I’m always recommending that people write whitepapers. For instance, in Using Your College Skills to Succeed After College and What To Do About Being (Temporarily) Pretty.
Here’s a conversation that happened recently between me and a bullicorn I’ll call Bosslady:
Bosslady: Random question: you mention whitepapers sometimes. Do you have any favorites? I’ve never written one and I think the reason is that I’ve never read one I really liked. I’m thinking of trying to get my team at work to write some and I need inspiration.
Jen: I actually don’t think I’ve read any whitepapers in maybe a few years. But it was back when I wrote one in 2002 that I realized how much people lose their shit for them. Mine was pretty simple, but people kept saying “I passed this on to my boss!” or “I used this in a meeting.” As late as 2008, I received a request to use my whitepaper in a graduate level course reader at California Polytechnic. (I said yes, of course. What I wanted to say was, “This was written by a philosophy major who doesn’t have an MBA. Enjoy!”) As late as 2011, I had a GMAT student tell me he used my whitepaper at work.

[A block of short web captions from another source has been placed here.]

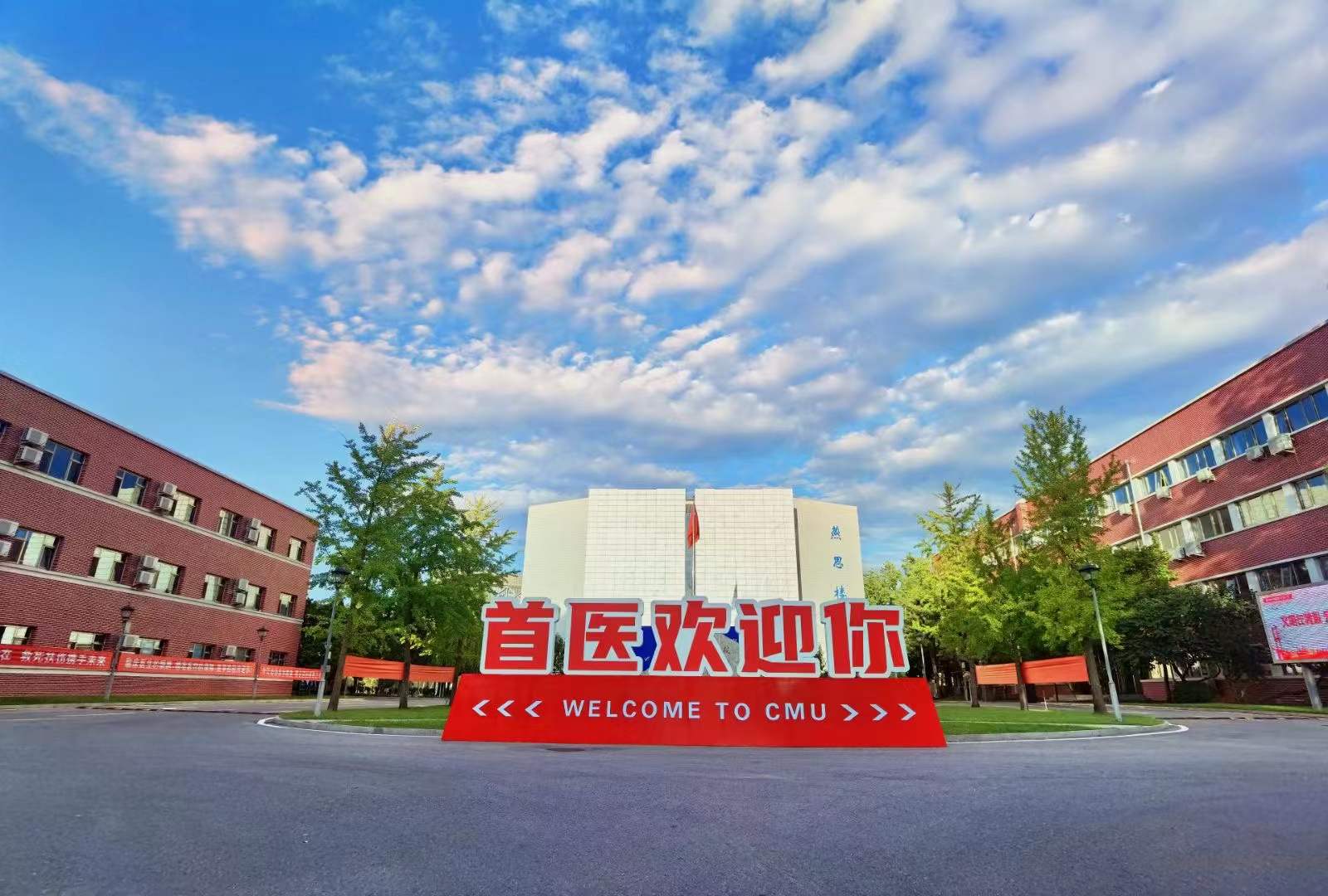 同类内容如某条暂不可用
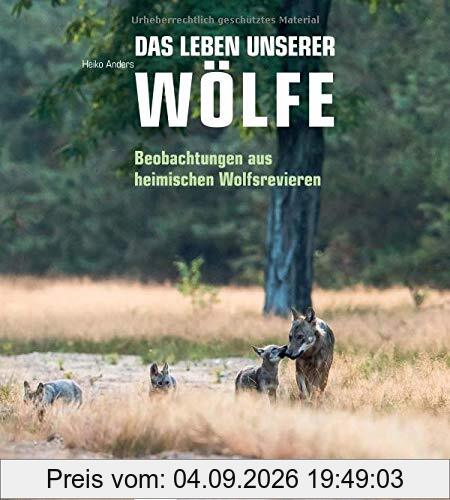 Das Leben unserer Wölfe: Beobachtungen aus heimischen Wolfsrevieren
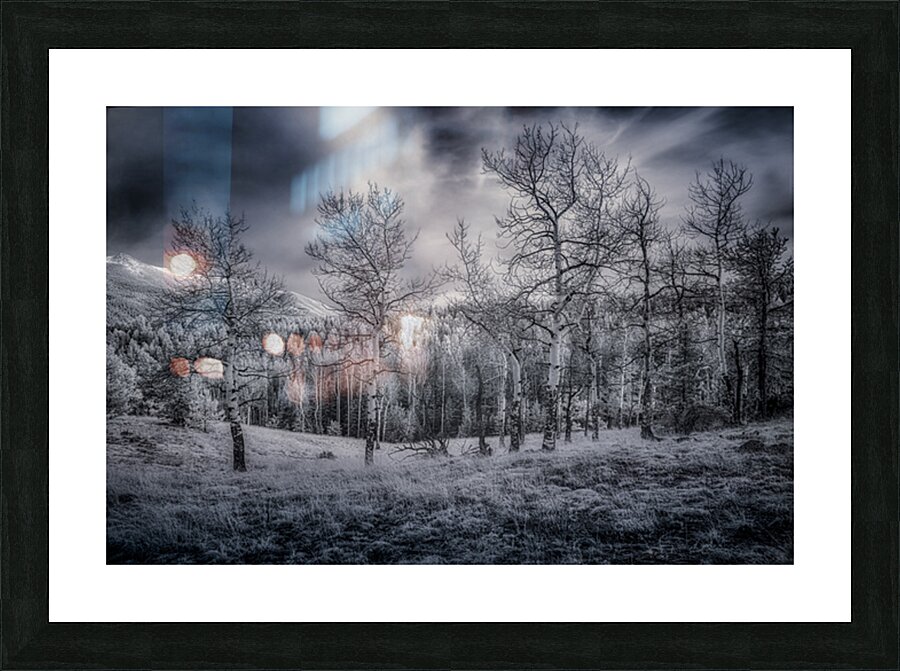 Mueller Aspen Series: Grove of Tranquility Picture Frame print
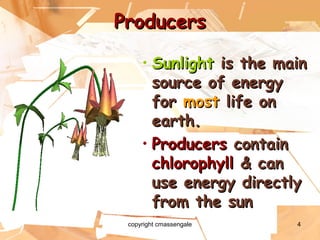 4
ProducersProducers
• SunlightSunlight is the mainis the main
source of energysource of energy
forfor mostmost life onlife on
earth.earth.
• ProducersProducers containcontain
chlorophyllchlorophyll & can& can
use energy directlyuse energy directly
from the sunfrom the sun
copyright cmassengale
 
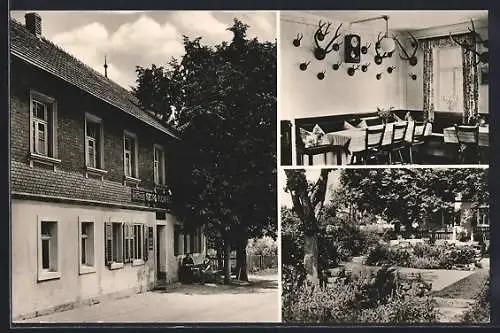 AK Seybothenreuth, Gasthof Georg Heinz, Innenansicht, Garten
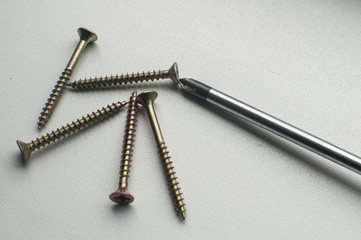 A pile of wood screws and screwdriver shaft head closeup on white background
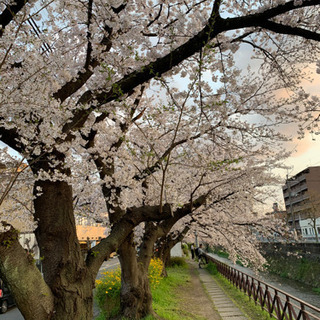 こんな時だからこそ皆でトークで盛り上がろう😊 - 京都市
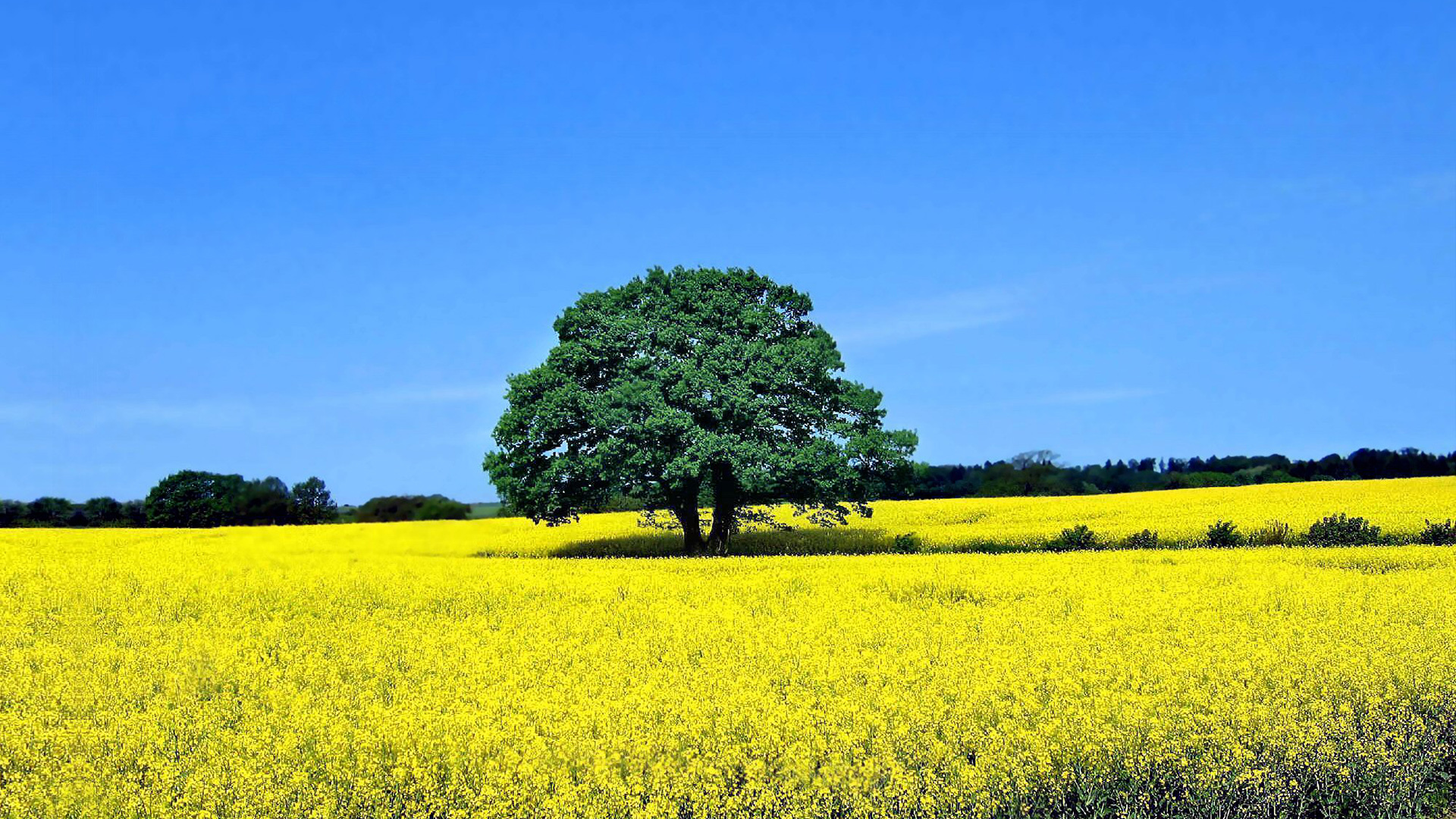 他爱上了她,结局却让人唏嘘 城.@地秀读书的动态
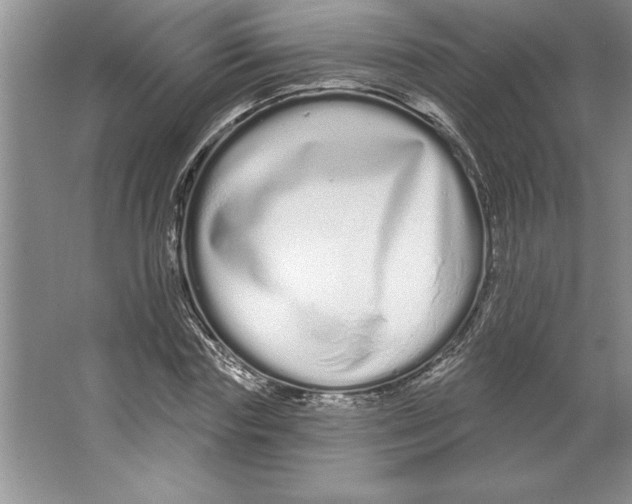 X0000064720827200603031613
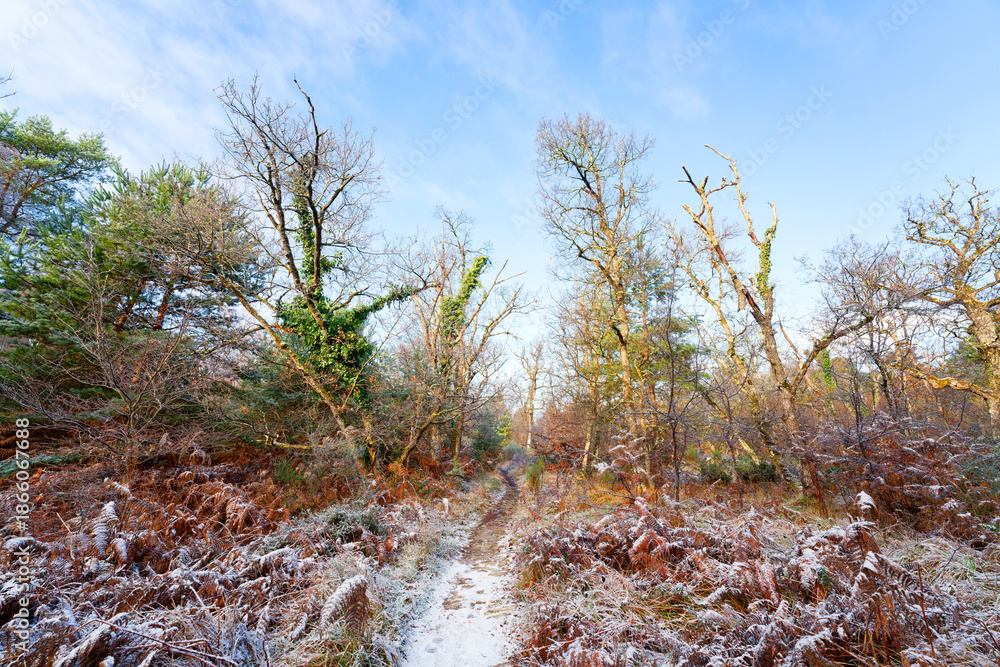 Fototapeta premium Snow on the GR1 long-distance hiking trail in the Cuvier-Châtillon rock. Fontainebleau forest. 
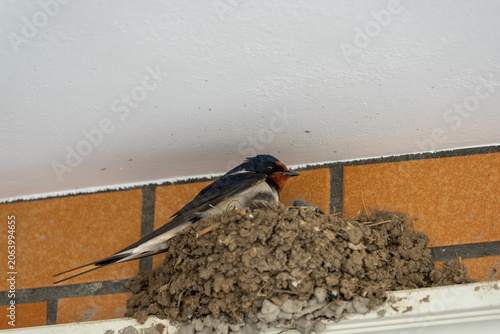 Barn swallow resting on a mud nest beneath a building eave
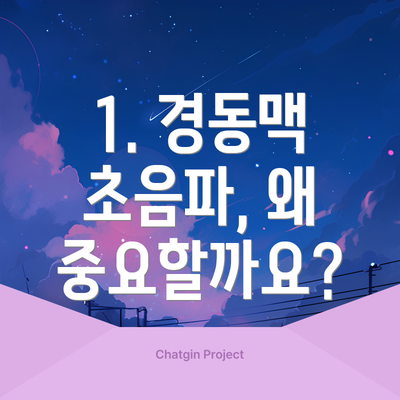 1. 경동맥 초음파, 왜 중요할까요?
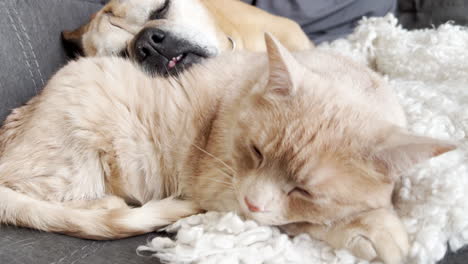 Cat-and-dog-cuddling-on-a-couch
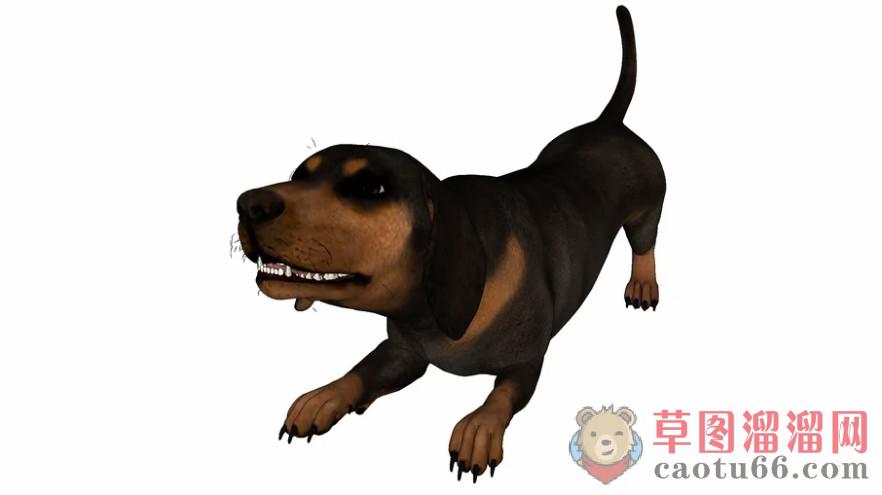 狗SU模型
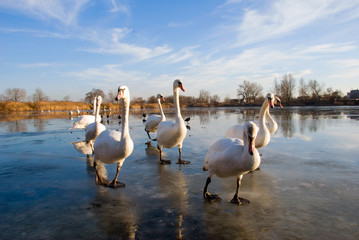 swans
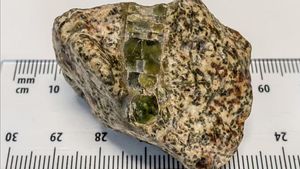 Temuan Meteorit Tertua Membawa Keraguan tentang Usia dan Distribusi Isotop Radioaktif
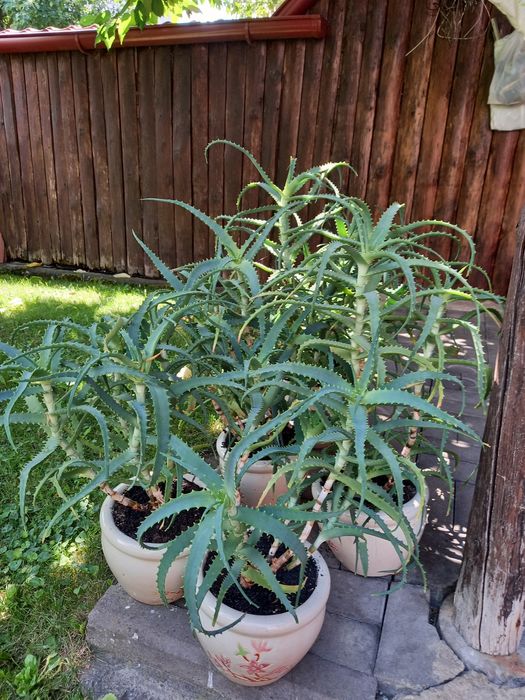 Алоє 3-4-річні вазони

So, here is my whitepaper from 2002. It’s dated, of course (but not as much as you’d think!) You can also see that it’s not that long, and pretty informally written. Way easier than writing papers in college. This is all it takes to get people to pass your shit around.
So many whitepapers I’ve vaguely clicked on have been really blatant sales pitches, so one that’s a little more academic (plain, less cheesy) really stands out.